The estimated fair value of the schemes and the imputed cost for the period under review is not material to these financial statements.
This is a standard scheme approved by the Revenue authorities in the Isle of Man and HMRC that is available to all employees where individuals may make monthly contributions over three or five years to purchase shares at a price not less than 80% of the market price at the date of the invitation to participate.
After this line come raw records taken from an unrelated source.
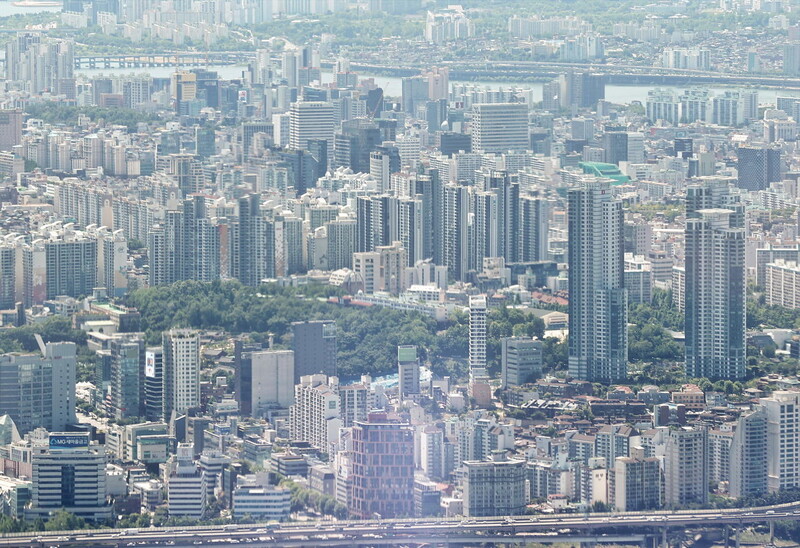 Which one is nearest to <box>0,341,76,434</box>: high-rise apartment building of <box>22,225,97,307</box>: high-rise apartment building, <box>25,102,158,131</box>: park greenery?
<box>22,225,97,307</box>: high-rise apartment building

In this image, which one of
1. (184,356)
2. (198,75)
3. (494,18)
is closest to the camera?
(184,356)

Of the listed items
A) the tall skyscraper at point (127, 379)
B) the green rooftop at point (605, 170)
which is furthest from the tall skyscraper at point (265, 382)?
the green rooftop at point (605, 170)

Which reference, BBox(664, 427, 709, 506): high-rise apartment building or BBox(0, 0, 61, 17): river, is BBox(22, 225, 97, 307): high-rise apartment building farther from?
BBox(0, 0, 61, 17): river

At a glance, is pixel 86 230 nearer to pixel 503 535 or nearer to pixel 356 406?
pixel 356 406

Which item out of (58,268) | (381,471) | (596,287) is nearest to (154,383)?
(381,471)

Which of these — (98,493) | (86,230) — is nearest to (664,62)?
(86,230)

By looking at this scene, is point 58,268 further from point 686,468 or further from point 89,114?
point 89,114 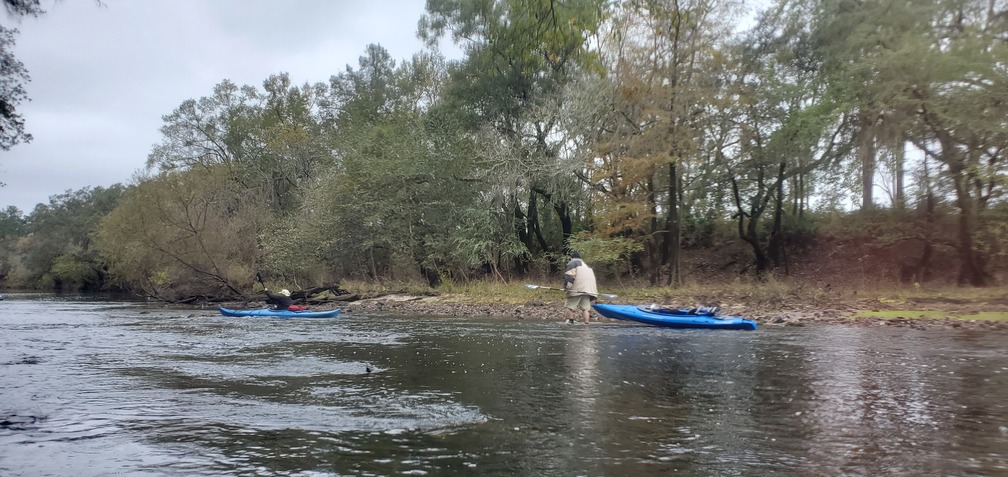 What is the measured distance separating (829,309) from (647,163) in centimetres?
802

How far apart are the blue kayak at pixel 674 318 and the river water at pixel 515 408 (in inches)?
70.5

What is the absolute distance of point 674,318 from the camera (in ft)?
51.6

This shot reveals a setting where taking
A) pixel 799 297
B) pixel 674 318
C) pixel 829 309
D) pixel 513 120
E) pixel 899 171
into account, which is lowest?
pixel 674 318

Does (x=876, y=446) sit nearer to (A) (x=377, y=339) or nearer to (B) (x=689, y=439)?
(B) (x=689, y=439)

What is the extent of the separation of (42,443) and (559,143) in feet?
75.7

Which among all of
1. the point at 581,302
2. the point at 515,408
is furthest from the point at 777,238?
the point at 515,408

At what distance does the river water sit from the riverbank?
3185 millimetres

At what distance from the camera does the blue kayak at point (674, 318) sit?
15117mm

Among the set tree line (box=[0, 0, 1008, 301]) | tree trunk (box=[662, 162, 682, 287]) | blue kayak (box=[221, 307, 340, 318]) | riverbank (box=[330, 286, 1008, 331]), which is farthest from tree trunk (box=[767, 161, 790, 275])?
blue kayak (box=[221, 307, 340, 318])

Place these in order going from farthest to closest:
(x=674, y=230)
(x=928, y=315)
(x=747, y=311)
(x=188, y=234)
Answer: (x=188, y=234), (x=674, y=230), (x=747, y=311), (x=928, y=315)

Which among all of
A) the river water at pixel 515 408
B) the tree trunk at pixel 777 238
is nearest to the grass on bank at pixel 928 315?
the river water at pixel 515 408

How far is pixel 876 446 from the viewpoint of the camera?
538 centimetres

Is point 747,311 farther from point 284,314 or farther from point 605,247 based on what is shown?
point 284,314

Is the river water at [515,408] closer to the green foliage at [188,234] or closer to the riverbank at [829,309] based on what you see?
the riverbank at [829,309] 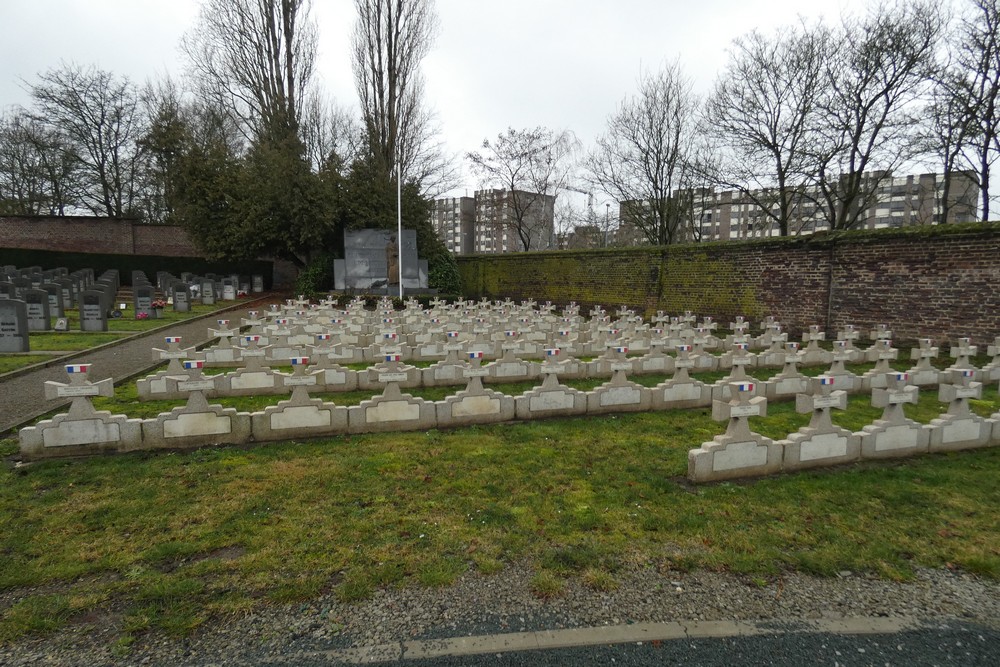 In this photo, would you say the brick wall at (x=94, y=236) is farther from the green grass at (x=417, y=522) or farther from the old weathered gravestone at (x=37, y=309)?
the green grass at (x=417, y=522)

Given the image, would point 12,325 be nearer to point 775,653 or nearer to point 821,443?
point 775,653

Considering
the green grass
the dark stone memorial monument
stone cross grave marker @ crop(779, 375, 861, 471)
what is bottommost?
the green grass

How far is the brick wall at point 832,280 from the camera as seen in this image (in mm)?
11352

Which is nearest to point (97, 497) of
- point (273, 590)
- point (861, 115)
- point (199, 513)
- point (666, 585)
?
point (199, 513)

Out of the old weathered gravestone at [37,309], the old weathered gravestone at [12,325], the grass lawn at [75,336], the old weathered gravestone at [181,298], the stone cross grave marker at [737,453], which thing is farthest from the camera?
the old weathered gravestone at [181,298]

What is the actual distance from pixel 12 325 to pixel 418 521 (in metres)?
11.5

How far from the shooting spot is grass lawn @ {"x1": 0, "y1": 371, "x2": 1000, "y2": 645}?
3020mm

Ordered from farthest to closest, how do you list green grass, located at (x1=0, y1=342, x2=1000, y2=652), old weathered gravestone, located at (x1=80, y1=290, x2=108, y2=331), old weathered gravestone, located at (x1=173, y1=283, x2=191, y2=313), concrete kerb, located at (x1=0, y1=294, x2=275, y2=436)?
1. old weathered gravestone, located at (x1=173, y1=283, x2=191, y2=313)
2. old weathered gravestone, located at (x1=80, y1=290, x2=108, y2=331)
3. concrete kerb, located at (x1=0, y1=294, x2=275, y2=436)
4. green grass, located at (x1=0, y1=342, x2=1000, y2=652)

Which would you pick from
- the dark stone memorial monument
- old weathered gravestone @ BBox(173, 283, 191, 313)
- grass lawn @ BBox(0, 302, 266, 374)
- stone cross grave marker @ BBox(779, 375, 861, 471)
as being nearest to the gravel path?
stone cross grave marker @ BBox(779, 375, 861, 471)

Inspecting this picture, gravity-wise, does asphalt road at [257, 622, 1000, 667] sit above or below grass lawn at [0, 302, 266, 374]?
below

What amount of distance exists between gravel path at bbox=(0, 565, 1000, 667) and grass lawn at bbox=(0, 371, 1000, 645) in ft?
0.32

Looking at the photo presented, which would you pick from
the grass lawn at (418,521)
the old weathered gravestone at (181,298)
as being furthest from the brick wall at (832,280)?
the old weathered gravestone at (181,298)

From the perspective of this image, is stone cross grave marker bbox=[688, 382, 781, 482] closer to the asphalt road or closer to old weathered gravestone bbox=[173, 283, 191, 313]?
the asphalt road

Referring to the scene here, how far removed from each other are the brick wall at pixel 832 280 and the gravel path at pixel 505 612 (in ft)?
38.3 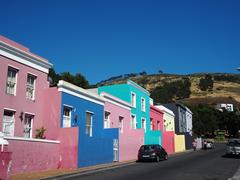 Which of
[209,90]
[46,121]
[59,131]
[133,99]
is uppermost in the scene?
[209,90]

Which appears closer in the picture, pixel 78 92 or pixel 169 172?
pixel 169 172

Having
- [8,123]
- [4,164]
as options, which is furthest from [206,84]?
[4,164]

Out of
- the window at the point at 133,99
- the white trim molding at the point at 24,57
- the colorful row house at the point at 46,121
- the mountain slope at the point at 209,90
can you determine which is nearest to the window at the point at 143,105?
the window at the point at 133,99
At the date of this report, the following options remain outstanding under each tranche:
| 2016 | 2015 | |
|---|---|---|
| Scheme year | No. of options | No. of options |
| 2011 | - | 8,366 |
| 2013 | 4,044 | 266,538 |
| 2014 | 82,114 | 531,376 |
| 2015 | 783,332 | 823,919 |
| 2016 | 182,629 | - |
| 1,052,119 | 1,630,199 |
A summary of the transactions in the existing SAYE programmes during the year is as follows:
| 2016 | 2015 | |||
|---|---|---|---|---|
| Weighted | Weighted | |||
| average | average | |||
| No. of | exercise | No. of | exercise | |
| options | price (p) | options | price (p) | |
| Outstanding at the start of year | 1,630,199 | 78 | 473,024 | 97 |
| Granted | 182,629 | 84 | 531,376 | 83 |
| Exercised | (51,787) | 78 | (9,035) | 88 |
| Forfeited | (708,922) | 78 | (12,893) | 88 |
| Outstanding at end of year* | 1,052,119 | 79 | 1,630,199 | 78 |
*None of these options are exercisable as at 30 June 2016.
The fair value expense has been based on the fair value of the options granted, as calculated using the Black Scholes pricing model. Expected volatility is based on an analysis of the Group's share price volatility on the London Stock Exchange.
The fair value of the share options granted during the year has been calculated using the following assumptions:
| 2016 award assumptions | 3-year | 5-year |
|---|---|---|
| Date of grant | 1 May 2016 | 1 May 2016 |
| Fair value (pence) | 16 | 13 |
| Exercise price (pence) | 84 | 84 |
| Share price (pence) | 106 | 106 |
| Expected volatility | 26 % | 26 % |
| Expected dividend yield | 7.5 % | 7.5 % |
| Risk-free rate | 0.36 % | 0.47 % |
| 2016 award details | |
|---|---|
| Date of grant | 1 May 2016 |
| No. of shares awarded | 182,629 |
| Vesting conditions | 3- or 5-year savings term |
| Exercise period - 3-year | 1 May 2016 - 31 October 2019 |
| Exercise period - 5-year | 1 May 2016 - 31 October 2021 |
Operating leases are defined as leases in which the lessor retains a significant proportion of the risks and rewards. Costs in respect of operating leases, less any incentives received from the lessor, are charged to the income statement on a straight-line basis over the lease term.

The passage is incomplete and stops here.